Florida officer used police database as personal dating website to target at least 150 women

An investigation into Sgt. Leonel Marines alleged activities revealed "several hundred" questionable database queries involving women, some of them dating back as far as 2012.


                            Florida officer used police database as personal dating website to target at least 150 women

A Florida police sergeant has been accused of using law enforcement database as his personal dating service through which he targeted at least 150 women. The officer also allegedly engaged in sexual activity with some of them while on duty, according to reports.

Bradenton Police Chief Melanie Bevan on Thursday said that an internal probe was launched into Sgt. Leonel Marines, 36, in June last year after a citizen's complaint filed by an adult female and her parents.

According to Bevan, the complaint alleged that the officer followed her home after a "chance, brief encounter" in a parking lot earlier that day.

Marines, after reaching the woman's home, told her parents that he was there to speak with their daughter about a "domestic matter."

However, her parents refused his request after they realized that there was no need for the interaction with the sergeant.

The police chief added that the woman's parents asked for Marines' name and his supervisor's details, however, he refused to give it to them. A watch commander then confronted Marines about his behavior and he reportedly told him that he followed the woman home because her headlights were not working properly and he thought she might be impaired.



 

 

"The two stories really didn’t match up," the chief said while addressing reporters. “And when it was brought to my attention, I ordered a further investigation into the incident, which ultimately led to an audit of Marines’ driver license and vehicle registration record use, as well as his patrol activity," according to the New York Post

Bevan added that investigators later found a "very, very clear trend of Marines focusing on female versus male names" during his policing.
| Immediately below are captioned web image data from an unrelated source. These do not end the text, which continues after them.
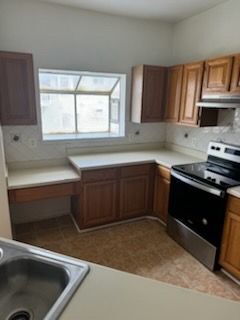 Building Photo - 668 Gateway Dr SE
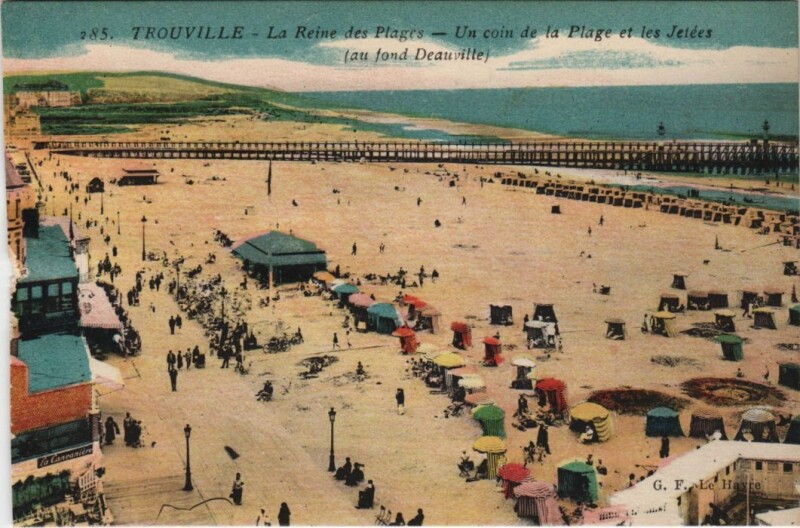 Carte postale ancienne Trouville Un Coin de la Plage et les Jetees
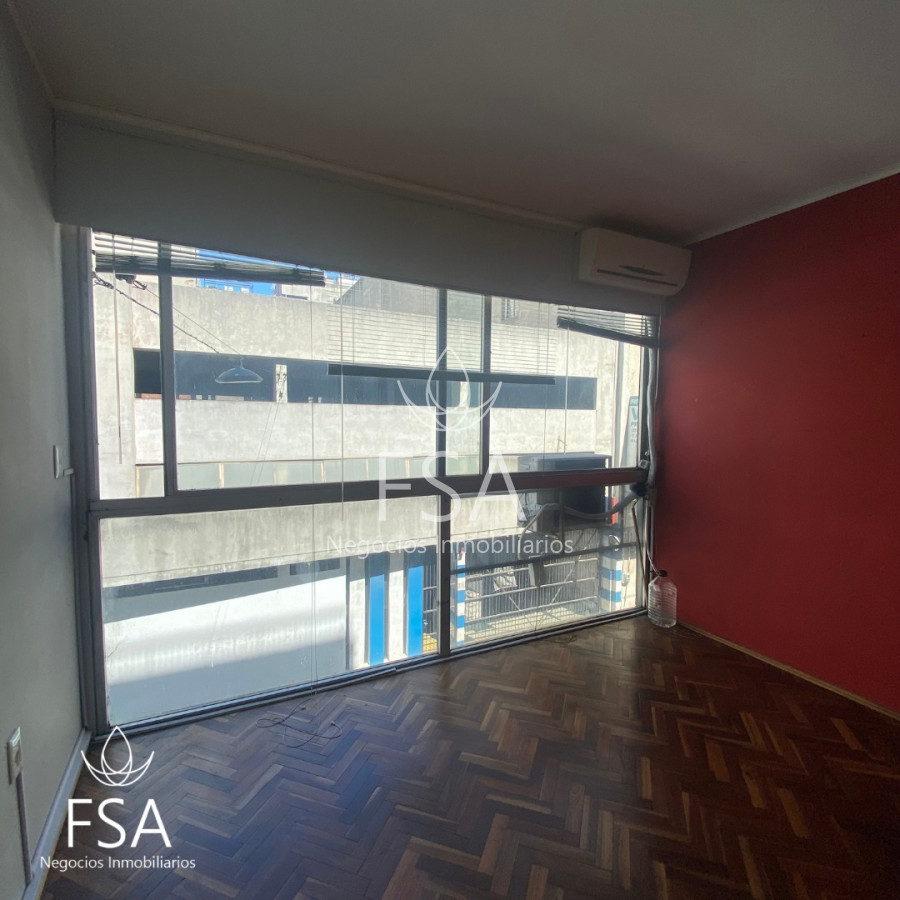 Oficina ID.61 - Venta Oficina Ciudad Vieja Montevideo Ev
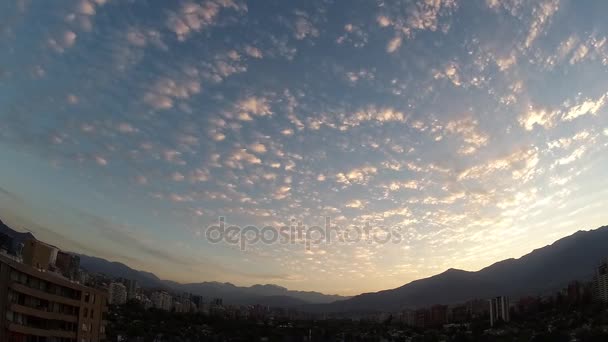 Amanecer y nubes en Santiago Chile — Vídeo de stock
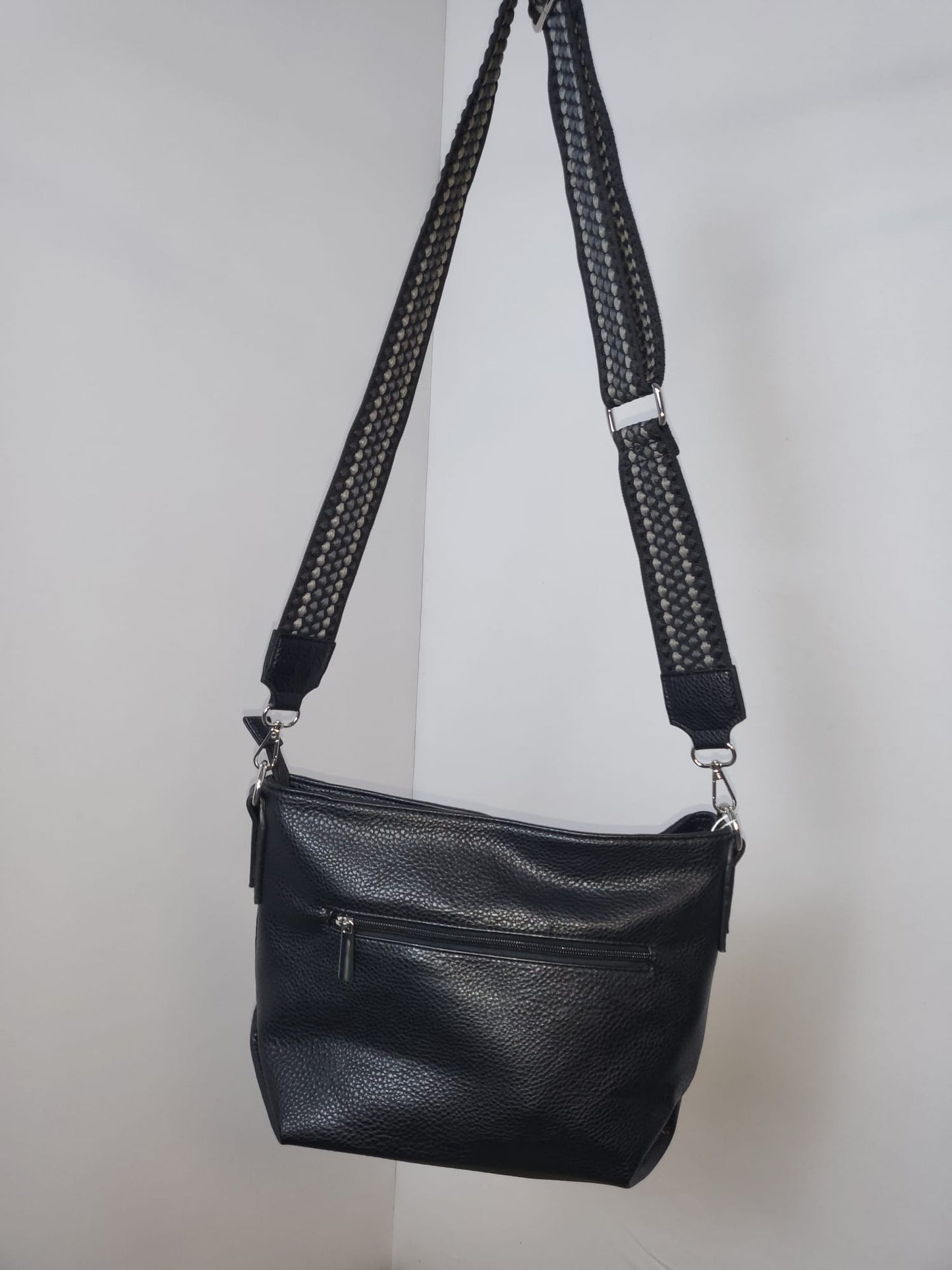 💀 Skull-Handtasche mit Totenkopf & Nietenoptik – True Fashion Statement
After the revelation, the 12-year law enforcement veteran was reassigned to desk duty and removed from patrol activities. 

Bevan added that he was later stripped of his badge, gun, and uniform and was placed on administrative leave without pay. He later resigned in October.

An investigation into the officer's alleged activities revealed "several hundred" questionable database queries involving women, some of them dating back as far as 2012. Nearly five detectives working the case have interviewed nearly 150 women so far.



 

 

Reports state that the probe later concluded that Marines had "negative and inappropriate direct contact" while both on and off duty with a smaller subset of women. A majority of women he contacted were Hispanic. 

“To get right to the root of the matter, Leonel Marines was not utilizing this data for law enforcement purposes whatsoever,” Bevan told reporters.

“Instead, he was using it a variety of ways – from social media, cold telephone calls, visits to the their home under the guise of being there for police business, you name it – to try and get dates with these women," the police chief said, adding that she had met with most of the women involved in the smaller subset in an attempt to help them regain their trust in the police department.